Like many other countries we are in the grip of populism, whose success is based on promoting beguilingly simple soundbites and solutions to hugely complex problems. Populist leaders know that they cannot actually deliver these simplistic slogans. All that they need is for people to believe slogans such as, “Take back control”, “More money for our priorities”, “Free trade deals, easy peasy”, “Make Britain great again” and “Have your cake and eat it”. The referendum promises were never honest; they were designed to seduce people into a fantasy world of sunlit uplands, and they succeeded, but those running the leave campaign had no actual plan for how they would manage the country after Brexit. Indeed, the whole Brexit programme is based on a fundamental misunderstanding and misrepresentation of how the commercial world operates. Is this naive ignorance by politicians who have never run businesses or conducted trade negotiations, or do they just not understand or care about the legal realities?
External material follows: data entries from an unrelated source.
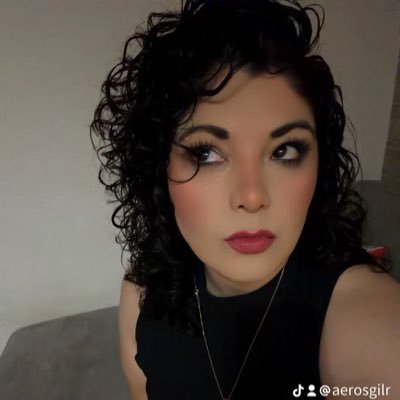 LpAerosgirl's profile picture. 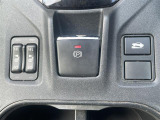 禁煙車 黒レザーシート 社外マフラー 純正ナビ Bluetooth フルセグTV バックカメラ プッシュスタート 前席シートヒーター ブラインドスポットモニター ETC 純正18インチアルミホイール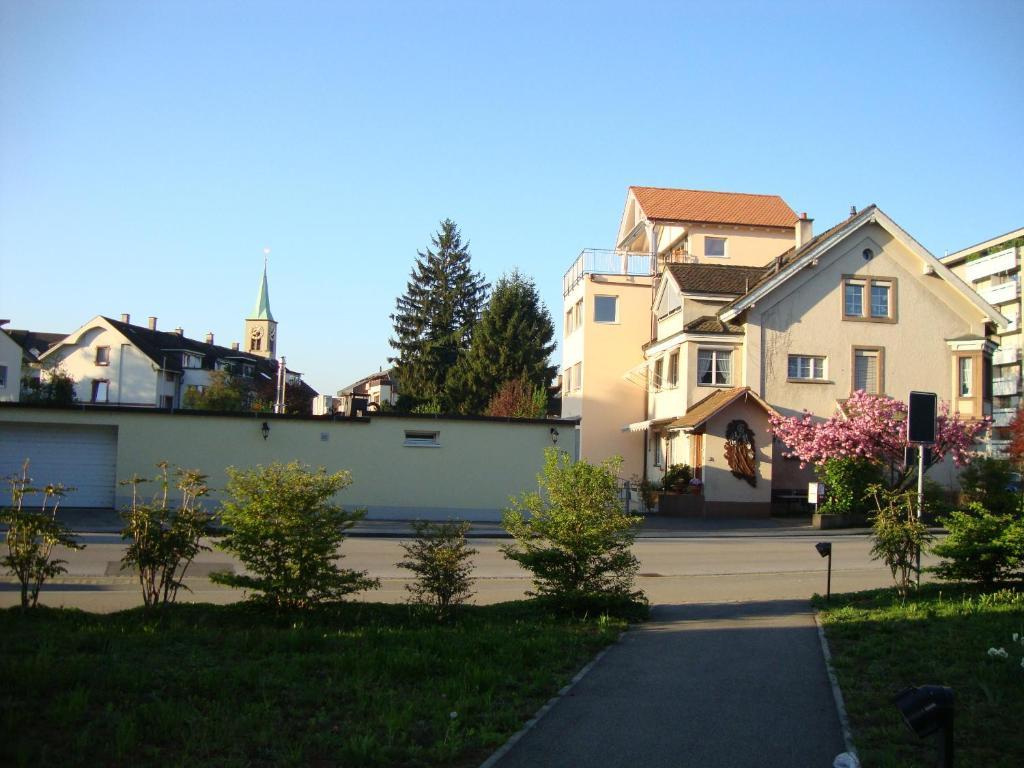 Niros Bed & Breakfast Birsfelden Exterior foto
I cannot believe that the principles of the Conservative Party—pragmatism, supporting business and jobs—are being sacrificed on the altar of an ideological fantasy, with its sacred duty to break 40 years of success. We have reckless brinkmanship and there is a reliance on railroading Parliament into acquiescence, even with the prospect of no deal. The path we are on is conducted by people who have got everything wrong so far about Brexit, about how the EU works and about how international trade operates. David Davis claimed that he could get a free trade agreement by going to Berlin, where they would be desperate to protect BMW. Liam Fox claimed that he would have 70 deals ready to roll on 30 March, on the same terms as before. The public were assured that we could have a final deal on the future relationship agreed in two years. The ERG insisted that we could leave the customs union and single market, and still have no hard border in Northern Ireland. None of these was ever realistic. Even the claims that the withdrawal agreement and political declaration will mean taking back control of our borders, laws and money cannot be relied upon, with all the difficult decisions being left to future negotiations after we have left.
The only aim seems to be to leave the EU, whatever the cost. The Government’s own figures prove that leaving the EU will make the country poorer, while leaving without any agreement will demolish our industrial success. We will lose thousands of businesses and jobs. It is not too late to go back to the British people with an honest reassessment of the false promises which they have been led to believe. It is not too late to give the country the chance to confirm that people are happy to proceed or have changed their minds. This is about not just trade but our whole way of life: our children’s future, our freedom and rights, our national security. So much is at risk. I am in favour of co-operation and partnership. But we must take care that at this crucial stage in the negotiations we are not just railroaded into leaving the EU, come what may, without checking back with the British people.